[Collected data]
**********

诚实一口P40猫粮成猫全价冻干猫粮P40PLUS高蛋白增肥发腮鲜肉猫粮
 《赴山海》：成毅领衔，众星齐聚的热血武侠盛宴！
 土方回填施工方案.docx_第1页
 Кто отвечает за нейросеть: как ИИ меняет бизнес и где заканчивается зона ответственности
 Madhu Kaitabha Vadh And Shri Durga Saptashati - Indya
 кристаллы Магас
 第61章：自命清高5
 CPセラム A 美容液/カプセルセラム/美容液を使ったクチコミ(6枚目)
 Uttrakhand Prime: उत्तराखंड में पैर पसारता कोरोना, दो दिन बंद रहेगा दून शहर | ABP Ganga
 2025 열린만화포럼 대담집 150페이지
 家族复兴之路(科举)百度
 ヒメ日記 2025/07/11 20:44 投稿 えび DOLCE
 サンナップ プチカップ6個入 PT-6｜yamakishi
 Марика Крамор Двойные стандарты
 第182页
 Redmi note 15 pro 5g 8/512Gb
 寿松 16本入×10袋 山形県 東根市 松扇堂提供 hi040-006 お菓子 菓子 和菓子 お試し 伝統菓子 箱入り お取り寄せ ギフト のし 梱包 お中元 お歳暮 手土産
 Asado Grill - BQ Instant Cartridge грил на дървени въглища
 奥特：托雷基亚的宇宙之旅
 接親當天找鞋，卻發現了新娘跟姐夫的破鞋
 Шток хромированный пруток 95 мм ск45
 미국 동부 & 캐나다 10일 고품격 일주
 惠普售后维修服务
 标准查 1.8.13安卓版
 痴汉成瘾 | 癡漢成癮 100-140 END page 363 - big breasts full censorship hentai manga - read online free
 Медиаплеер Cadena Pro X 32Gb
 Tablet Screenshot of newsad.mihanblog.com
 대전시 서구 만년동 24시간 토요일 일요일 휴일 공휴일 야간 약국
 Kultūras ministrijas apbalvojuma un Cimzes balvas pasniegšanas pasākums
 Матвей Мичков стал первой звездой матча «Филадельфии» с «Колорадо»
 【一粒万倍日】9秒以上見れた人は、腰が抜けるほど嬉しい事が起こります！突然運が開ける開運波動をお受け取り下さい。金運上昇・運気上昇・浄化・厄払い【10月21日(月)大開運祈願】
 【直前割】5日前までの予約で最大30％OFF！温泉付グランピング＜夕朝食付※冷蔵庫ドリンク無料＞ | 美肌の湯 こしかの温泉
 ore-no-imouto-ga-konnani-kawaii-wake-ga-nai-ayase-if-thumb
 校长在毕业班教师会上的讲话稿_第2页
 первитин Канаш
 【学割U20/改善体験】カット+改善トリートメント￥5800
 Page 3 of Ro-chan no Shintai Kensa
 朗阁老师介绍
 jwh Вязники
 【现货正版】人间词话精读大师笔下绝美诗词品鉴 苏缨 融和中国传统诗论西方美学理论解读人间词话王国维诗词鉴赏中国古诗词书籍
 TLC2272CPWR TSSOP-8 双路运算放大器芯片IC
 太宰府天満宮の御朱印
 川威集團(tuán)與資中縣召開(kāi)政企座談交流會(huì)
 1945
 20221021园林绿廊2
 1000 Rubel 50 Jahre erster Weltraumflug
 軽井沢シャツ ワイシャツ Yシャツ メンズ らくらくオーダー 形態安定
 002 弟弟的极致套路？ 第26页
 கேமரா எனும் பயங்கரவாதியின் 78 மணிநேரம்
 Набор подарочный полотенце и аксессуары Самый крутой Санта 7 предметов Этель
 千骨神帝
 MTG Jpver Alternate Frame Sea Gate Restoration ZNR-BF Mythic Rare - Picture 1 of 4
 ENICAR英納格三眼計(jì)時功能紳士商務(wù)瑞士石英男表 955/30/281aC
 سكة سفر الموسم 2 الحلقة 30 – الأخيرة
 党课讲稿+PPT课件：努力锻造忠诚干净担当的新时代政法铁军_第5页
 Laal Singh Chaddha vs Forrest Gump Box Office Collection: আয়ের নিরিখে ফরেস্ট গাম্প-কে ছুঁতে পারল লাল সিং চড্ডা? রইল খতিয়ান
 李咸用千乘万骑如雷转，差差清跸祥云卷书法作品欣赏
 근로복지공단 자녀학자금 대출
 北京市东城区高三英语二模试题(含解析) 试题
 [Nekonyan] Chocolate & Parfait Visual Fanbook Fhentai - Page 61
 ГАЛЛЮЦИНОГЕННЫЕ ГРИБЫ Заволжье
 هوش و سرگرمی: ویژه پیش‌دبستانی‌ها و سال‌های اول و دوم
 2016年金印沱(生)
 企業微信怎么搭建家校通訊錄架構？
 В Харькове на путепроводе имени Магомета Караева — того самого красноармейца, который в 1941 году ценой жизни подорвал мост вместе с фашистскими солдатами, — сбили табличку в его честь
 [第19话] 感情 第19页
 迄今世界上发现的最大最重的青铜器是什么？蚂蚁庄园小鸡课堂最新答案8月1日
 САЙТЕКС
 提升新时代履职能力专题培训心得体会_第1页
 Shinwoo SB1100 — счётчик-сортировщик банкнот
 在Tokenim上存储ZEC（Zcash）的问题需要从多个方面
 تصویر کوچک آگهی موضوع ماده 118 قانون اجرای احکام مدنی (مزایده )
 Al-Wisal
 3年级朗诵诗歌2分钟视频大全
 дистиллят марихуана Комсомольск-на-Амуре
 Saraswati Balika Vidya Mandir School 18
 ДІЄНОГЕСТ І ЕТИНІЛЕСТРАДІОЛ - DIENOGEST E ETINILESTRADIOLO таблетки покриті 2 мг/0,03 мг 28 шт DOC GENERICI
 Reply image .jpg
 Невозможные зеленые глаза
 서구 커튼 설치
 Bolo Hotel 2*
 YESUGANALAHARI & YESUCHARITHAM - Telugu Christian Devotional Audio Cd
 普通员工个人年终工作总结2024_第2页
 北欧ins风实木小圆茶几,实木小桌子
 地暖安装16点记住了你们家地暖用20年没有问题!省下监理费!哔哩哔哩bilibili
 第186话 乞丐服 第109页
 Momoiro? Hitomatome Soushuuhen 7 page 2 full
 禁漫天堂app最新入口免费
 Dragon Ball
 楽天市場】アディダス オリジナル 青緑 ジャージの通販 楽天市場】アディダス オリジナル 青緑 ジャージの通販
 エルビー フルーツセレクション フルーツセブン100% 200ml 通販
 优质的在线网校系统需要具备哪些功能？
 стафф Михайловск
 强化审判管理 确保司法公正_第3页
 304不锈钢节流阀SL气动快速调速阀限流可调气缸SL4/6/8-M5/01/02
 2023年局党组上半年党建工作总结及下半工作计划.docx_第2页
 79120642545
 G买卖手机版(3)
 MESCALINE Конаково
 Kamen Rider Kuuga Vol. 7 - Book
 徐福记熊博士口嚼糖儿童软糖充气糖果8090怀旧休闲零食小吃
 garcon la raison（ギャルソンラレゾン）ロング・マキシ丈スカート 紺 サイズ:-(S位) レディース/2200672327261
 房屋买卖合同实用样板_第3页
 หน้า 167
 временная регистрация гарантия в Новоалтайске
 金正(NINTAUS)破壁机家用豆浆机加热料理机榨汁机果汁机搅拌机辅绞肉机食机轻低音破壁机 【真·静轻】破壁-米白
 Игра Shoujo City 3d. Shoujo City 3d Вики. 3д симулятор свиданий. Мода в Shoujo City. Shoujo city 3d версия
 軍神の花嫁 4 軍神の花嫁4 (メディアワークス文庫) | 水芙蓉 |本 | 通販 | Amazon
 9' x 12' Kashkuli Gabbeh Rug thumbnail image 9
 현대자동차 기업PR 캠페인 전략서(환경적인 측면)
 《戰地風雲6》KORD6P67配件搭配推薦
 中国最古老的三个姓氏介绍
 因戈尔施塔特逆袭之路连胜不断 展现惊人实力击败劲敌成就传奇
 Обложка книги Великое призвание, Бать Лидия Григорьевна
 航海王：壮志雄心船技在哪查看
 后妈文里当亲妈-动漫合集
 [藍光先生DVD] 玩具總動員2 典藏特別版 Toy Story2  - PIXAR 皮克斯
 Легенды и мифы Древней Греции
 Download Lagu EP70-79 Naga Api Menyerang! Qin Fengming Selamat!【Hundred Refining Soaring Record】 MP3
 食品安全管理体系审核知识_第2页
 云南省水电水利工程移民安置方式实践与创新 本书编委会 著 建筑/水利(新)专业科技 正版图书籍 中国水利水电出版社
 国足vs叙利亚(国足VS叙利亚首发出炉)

**********

Report each line in the data that holds the word "image".

 Reply image .jpg
 9' x 12' Kashkuli Gabbeh Rug thumbnail image 9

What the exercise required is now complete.